Sun CEO says tech needs to take aim at the digital divide--and offers up a remedy involving some of Sun's pet initiatives.

Dawn Kawamoto Former Staff writer, CNET News
Dawn Kawamoto covered enterprise security and financial news relating to technology for CNET News.
Dawn Kawamoto
3 min read
SAN JOSE, Calif.--The digital divide won't get any smaller until technology companies clean up their security act, according to Sun Microsystems CEO Scott McNealy.

Not surprisingly, he offered up a remedy that involved some of Sun's pet initiatives.

Sun, which primarily sells servers that power the Internet, is aiming to arm the globe with computers that, in part, reduce the digital divide that separates roughly three out of four people in the world from accessing the Internet.

But McNealy cited security issues as a potential wrench in such efforts.

Scott McNealy,

"It's not going to happen if we don't solve the security and access issues," he said Tuesday during a keynote speech at the RSA Conference 2006 here.

And for McNealy, the answer lies in open architecture and the sharing of code to address security issues.

He pointed to Sun's open architecture efforts, from Java to its open source Solaris 10 to its founding membership with Liberty Alliance, a federation standards group.

The primary causes of security problems are a hodgepodge of technology in data centers and virtually little differentiation among desktop computers, he noted. He said some companies, for instance, have technology from 150 different vendors stitched together in their data centers, which means security problems become compounded because each vendor issues a multitude of patches a year.

"And they wonder why they have a security problem," McNealy said.

On the client side of the equation, the problem is reversed, he added.

"There's not enough diverse DNA, so one virus can wipe out a lot of computers," McNealy said. "The reason we don't have enough diverse DNA is because we have a monopoly...with a partner that shall go unnamed."


Sun has long sung the praises of the thin client concept, with its Sun Ray line, as a replacement for the desktop.

But customers facing an expensive exit from their existing systems may be loath to adapt such technology. However, McNealy noted that such a cost can easily dwarf the expense of buying the original technology and related support costs.

McNealy's address comes as Sun steps deeper into security, and as customers are increasingly looking for ways to shore up their systems to conduct secure financial transactions.

Earlier this week, Sun announced two security initiatives, one a form of encryption for its next-generation Sun Java System Web Server. The other revises the way it delivers security features for Solaris.

The company introduced Sun Java System Web Server 7.0 with support for Elliptic Curve Cryptography, or ECC. Because ECC uses smaller public keys to unlock encrypted content, Sun said, the technology can speed computations for secure online transactions and requires less power.

Sun also debuted its Solaris Trusted Extensions, which are designed to replace some of the security technologies it offered to banks, government agencies and other organizations before it discontinued its practice of offering a second, secure version of Solaris called Trusted Solaris.
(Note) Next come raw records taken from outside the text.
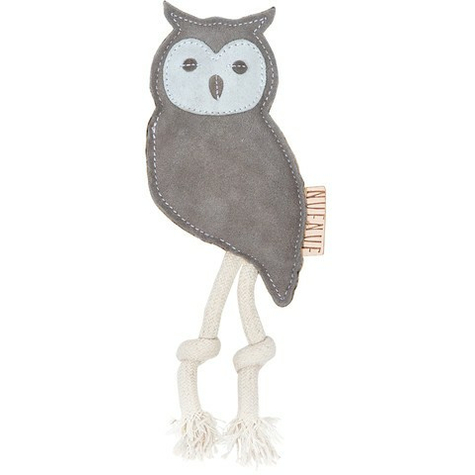 Nufnuf Leather Fun Owl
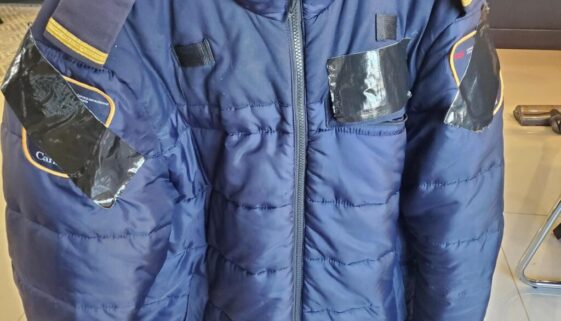 correctional officer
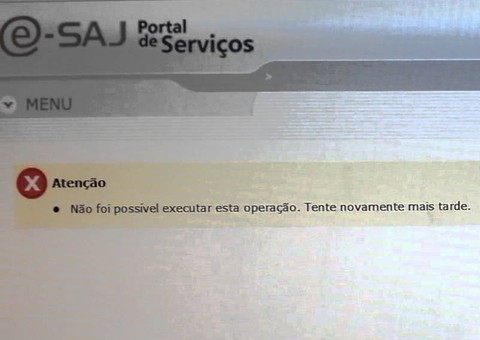 Queda de energia provoca lentidão da Justiça no Amazonas
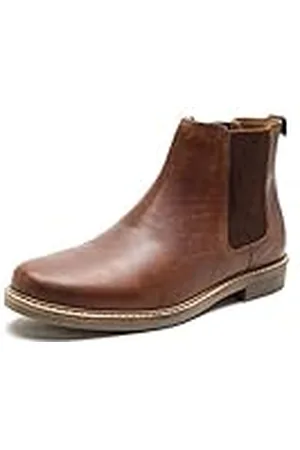Thomas Crick Bamford, Botas Estilo Chelsea Hombre, , 44 EU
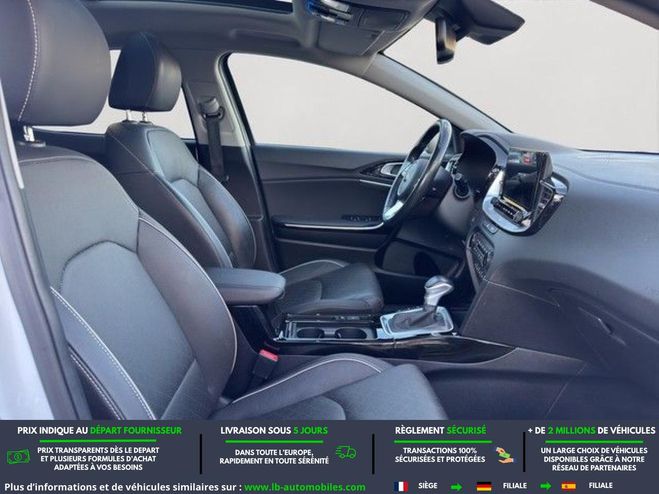 Kia Xceed 1.4l T-GDi 140 ch BVA Blanc M�tallique de 2020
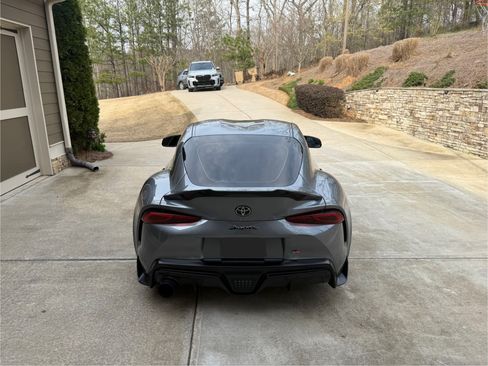 Used 2020 Toyota Supra 3.0 Coupe 2D w/ Navigation & JBL Package image 4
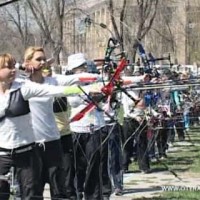 В Шымкенте всего 8 современных луков, но и с ними наша команда занимает верхние строчки турнирных таблиц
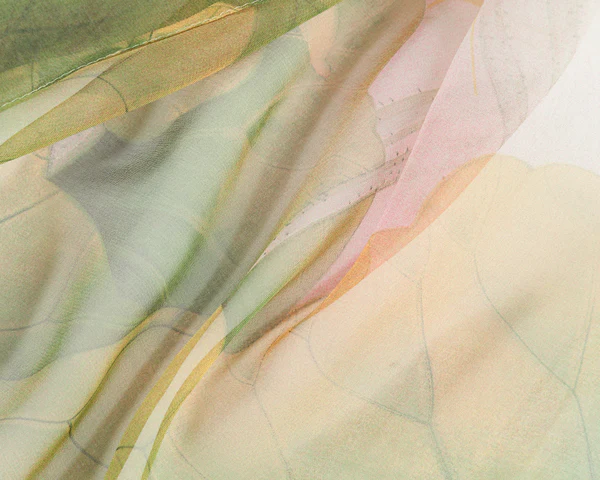 Olive - Lotus Chiffon - Image 3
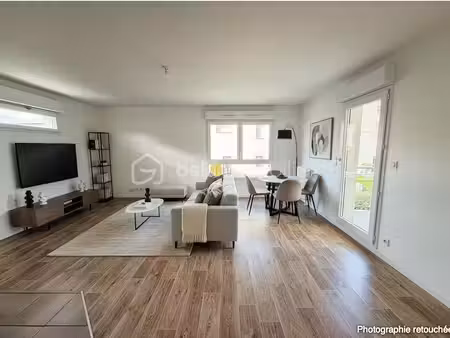 appartement de 66 m² à saint-gregoire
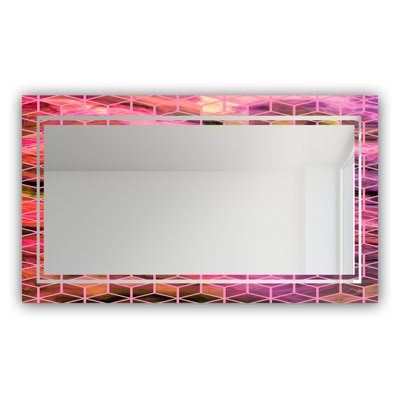 Miroir de salle de bain Glam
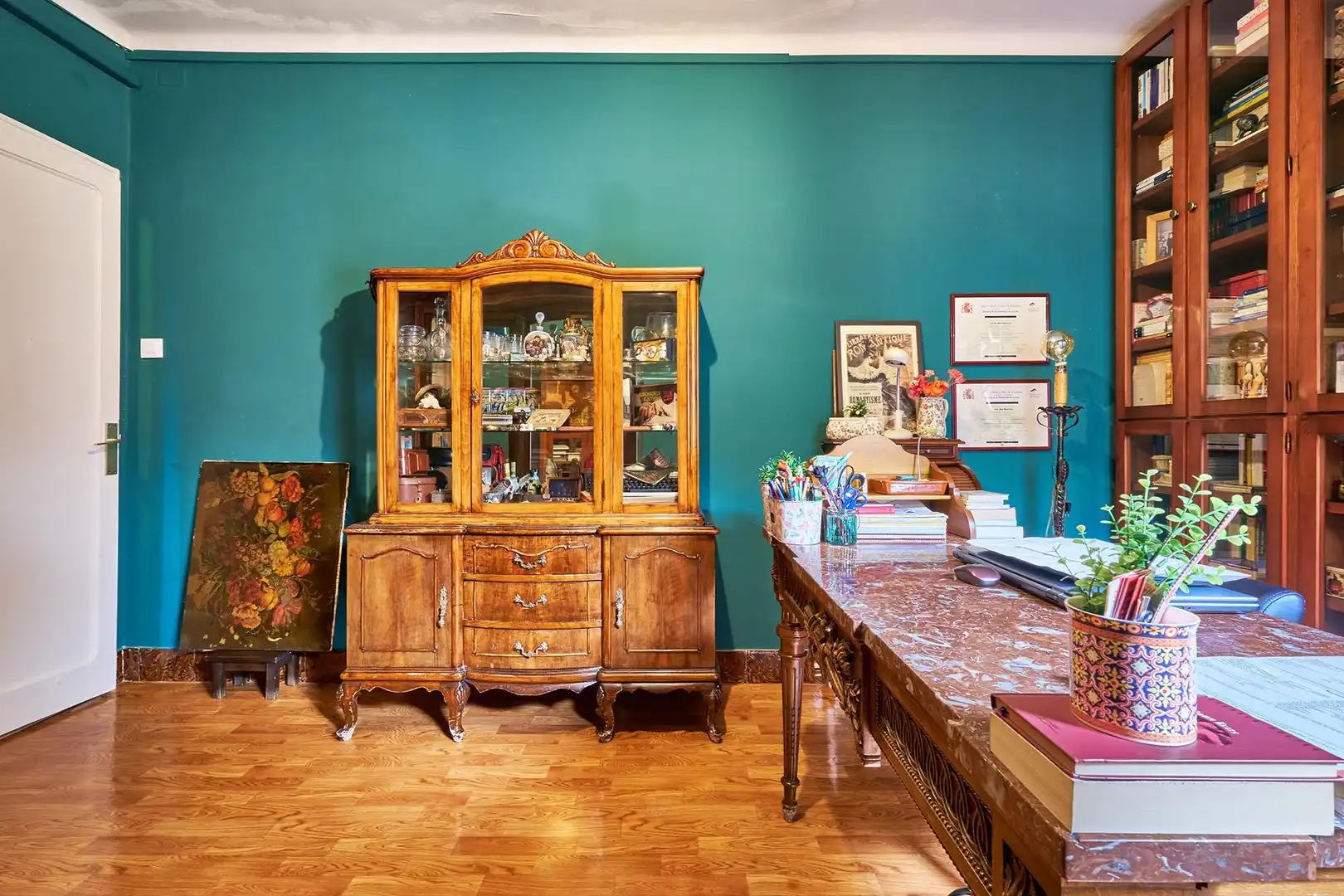 Comedor de Piso en venta en Barcelona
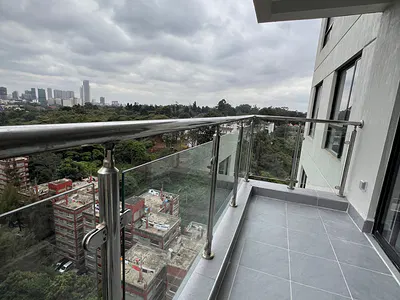 2 Bedroom Apartment with Forest Park Views — Arboretum, Kileleshwa, Nairobi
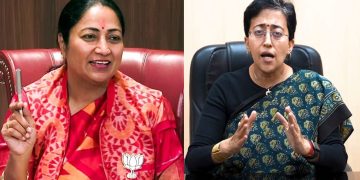 Rekha Gupta-Atishi: दिल्ली की महिलाओं को कब मिलेंगे 2500 रुपये, CM रेखा ने आतिशी को बताई तारीख 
And in November, the hardware maker announced a partnership to offer Sun Secure Mail. The company, along with communications network provider Lucent Technologies and encryption software vendor Echoworx, partnered to offer Internet service providers a hosted e-mail encryption service. Sun Secure Mail is designed to give ISPs the ability to encrypt e-mail at the desktop, rather than change e-mail applications.

In the summer, Sun also expanded its identity management software offerings with two federated ID products. The federated products are designed to allow companies to identify and authenticate users, allowing them to securely exchange user credentials with two or more partners.